The Immediacy of Paint: Surface: Waterfront Gallery, University of Suffolk, Ipswich, Suffolk, England

23 June - 20 July 2017
Group Exhibitions

CHRIS HAWTIN, GLENN BROWN, KIM ANNO, MATTHEW HRISHANU, ROBERT PRISEMAN AND SHAUN CAMP

Surface is the supportive exhibition for the symposium The Immediacy of Paint; Surface.

The Immediacy of Paint: Surface exhibition installation

Waterfront Gallery, University of Suffolk, Ipswich, Suffolk, England

Photo credit Edgar Laguinia

There are many internationally recognised artists living in the East of England and those with links to the region whose main practice is painting.

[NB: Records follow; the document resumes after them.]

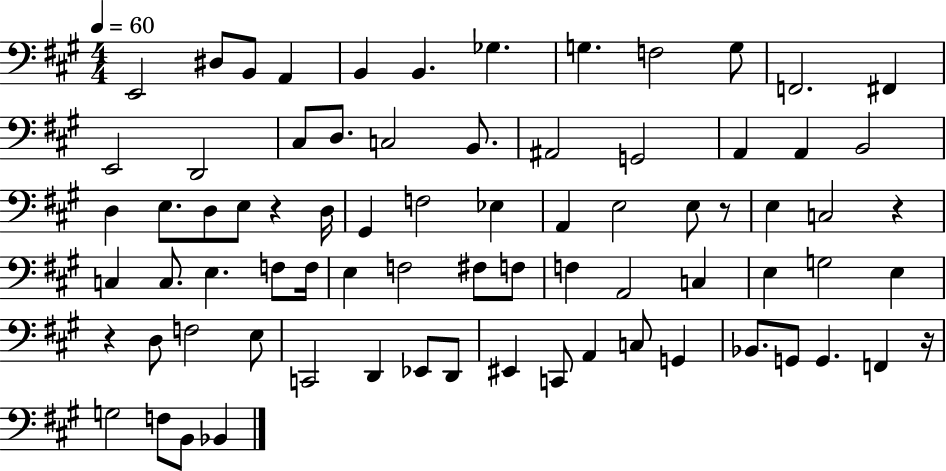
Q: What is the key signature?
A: A major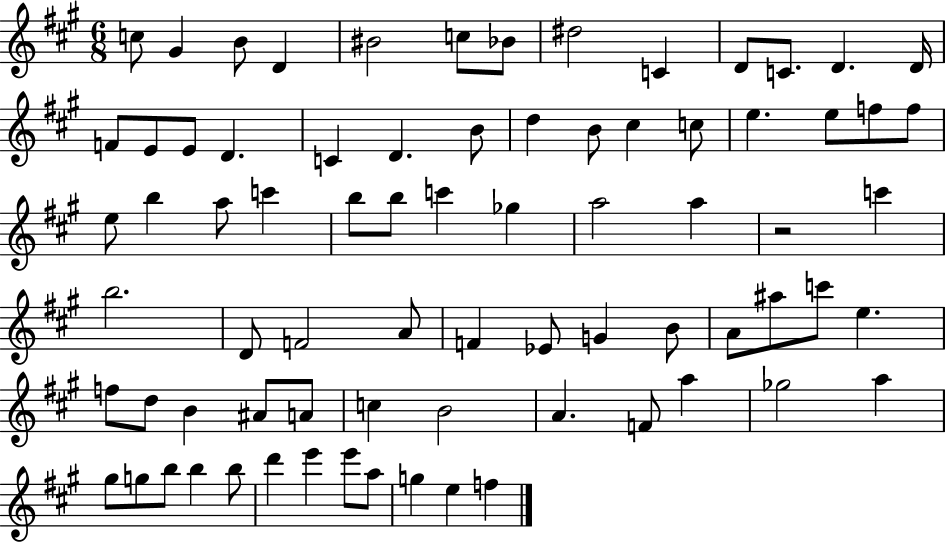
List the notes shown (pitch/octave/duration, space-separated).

C5/e G#4/q B4/e D4/q BIS4/h C5/e Bb4/e D#5/h C4/q D4/e C4/e. D4/q. D4/s F4/e E4/e E4/e D4/q. C4/q D4/q. B4/e D5/q B4/e C#5/q C5/e E5/q. E5/e F5/e F5/e E5/e B5/q A5/e C6/q B5/e B5/e C6/q Gb5/q A5/h A5/q R/h C6/q B5/h. D4/e F4/h A4/e F4/q Eb4/e G4/q B4/e A4/e A#5/e C6/e E5/q. F5/e D5/e B4/q A#4/e A4/e C5/q B4/h A4/q. F4/e A5/q Gb5/h A5/q G#5/e G5/e B5/e B5/q B5/e D6/q E6/q E6/e A5/e G5/q E5/q F5/q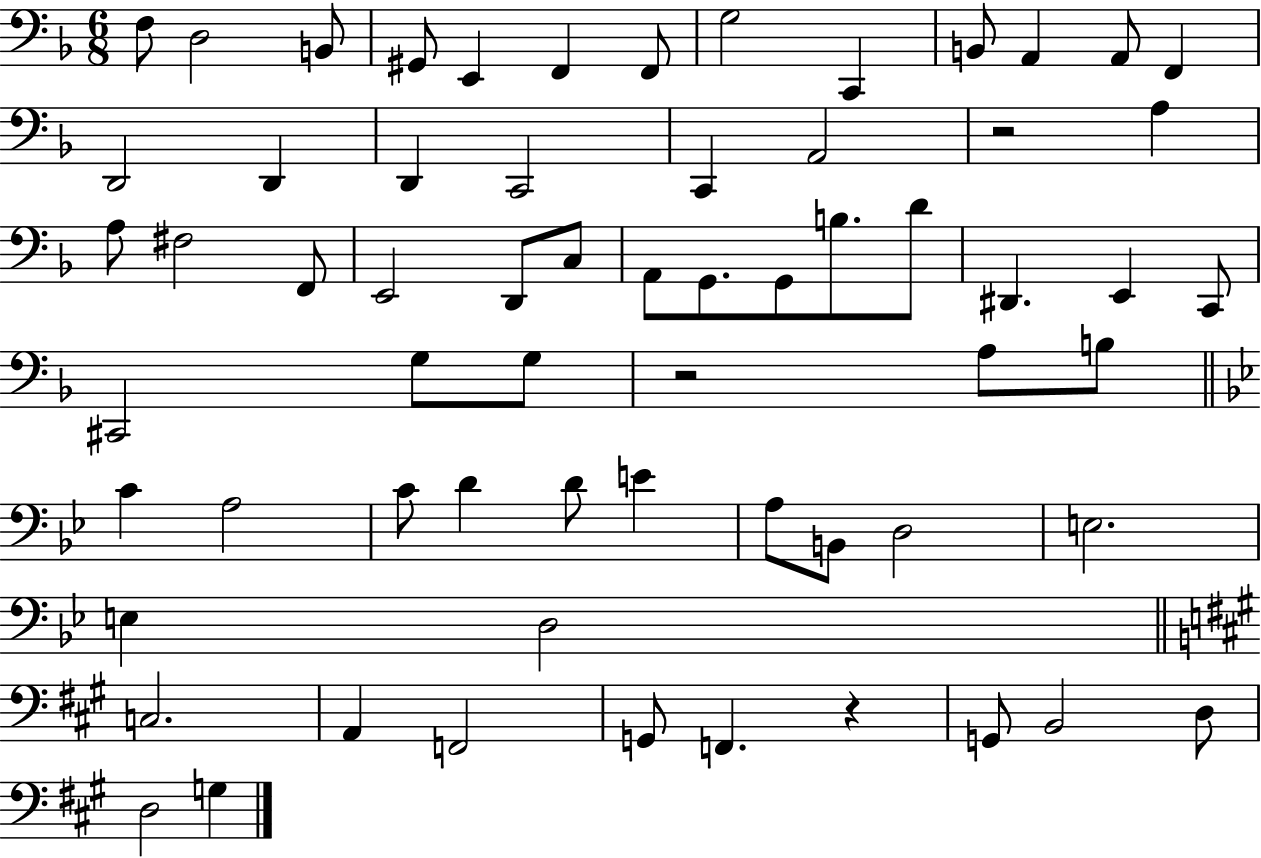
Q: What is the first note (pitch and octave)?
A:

It has been the intention of the symposium and this accompanying exhibition to build upon this resource and establish a platform for bringing together networks in order to further the dialogue surrounding painting through questioning how surface is mediated with current technologies.

 

This exhibition includes artists who are each questioning surface through material or immaterial aspects while employing their own unique visual language both through  their praxis and artistic position.  Surface is a broad subject and with this in mind the ever-expanding boundaries of contemporary painting practice are explored by this distinguished group of artist through their works. 

 

The artworks featured in Surface reflect varying concepts about surface through both painting, digital imagery, or a hybrid of both. While some artists are firmly rooted in the physical and material aspects of painting they are still embracing digital technologies to mediate surface through their materials. While others are utilising new technologies to incorporate the material and the digital.

 

Artist such as Chris Hawtin have utilised new methods of image making by employing 3d scans and architectural modelling programmes to explore ‘the language of the painted surface.’   Hawtins writes ‘The digitally generated structures are a brutal interruption within the paintings yet they are subsumed into the language of the painted surface, playing with the classic science fiction image of the alien invasion.’  Hawtin’s use of digital imagery and scans are integral to his image making resulting in hybrid approach. While Hawtin’s hybrid approach is heavily immersed in the material aspect of paint,  digital elements are integral in his visual language and image making.

 

For example in the work Battle, exemplifies Kim Anno’s ability to form fluid blurs on surfaces of photographic imagery. In which Anno diffuses photographic imagery with diluted painted marks of transparent and opaque colour holding the viewer’s gaze so they are able to absorb its figurative and abstract components simultaneously. These works speak of obliteration and alteration, especially in Battle which uses historical images, in this case a photograph of the engraving of The Lion Hunt (1836) by Horace Vernet. Anno work focuses changing landscape due to climate change and the use of this  image of violent figures frozen in action during a hunt reminds the viewer of acts against nature.

 

Glenn Brown is widely acknowledged as one of the most revered and prominent painters in the world today. Brown’s work demonstrate a unique visual language that questions the history and traditions of painting, notions of originality and the nature of reproduction, while revealing an immeasurable knowledge of paint and it’s materiality. Browns ability to imply a surface through a flat glossy rendering challenges belief and his visual questioning makes us aware, amongst other things, of what impacts and interferes with how we, the viewers, visually comprehend painting in the digital age. 

 

In considering that similar if not the same digital image making, editing and printing tools are utilised in both photography and painting, how has the visual language of artists today been imbued by digital elements. This then leads to questioning how pigment versus pixel are compared when considering surface and visual language. 

 

Artist Shaun Camp’s practice is predominantly focused on digital imagery which leads us to question how surface and image making is addressed, both in practice and conceptually. Camp’s work sits within the realm of photography other than painting yet at its core is about image making. There are painterly and abstract elements in Push IV and Push III, which through their ambiguity becomes shapes and forms hinting at an unknown landscape. Through a painterly and abstractive lens these images have a material presence which disrupts imagined spaces and surfaces.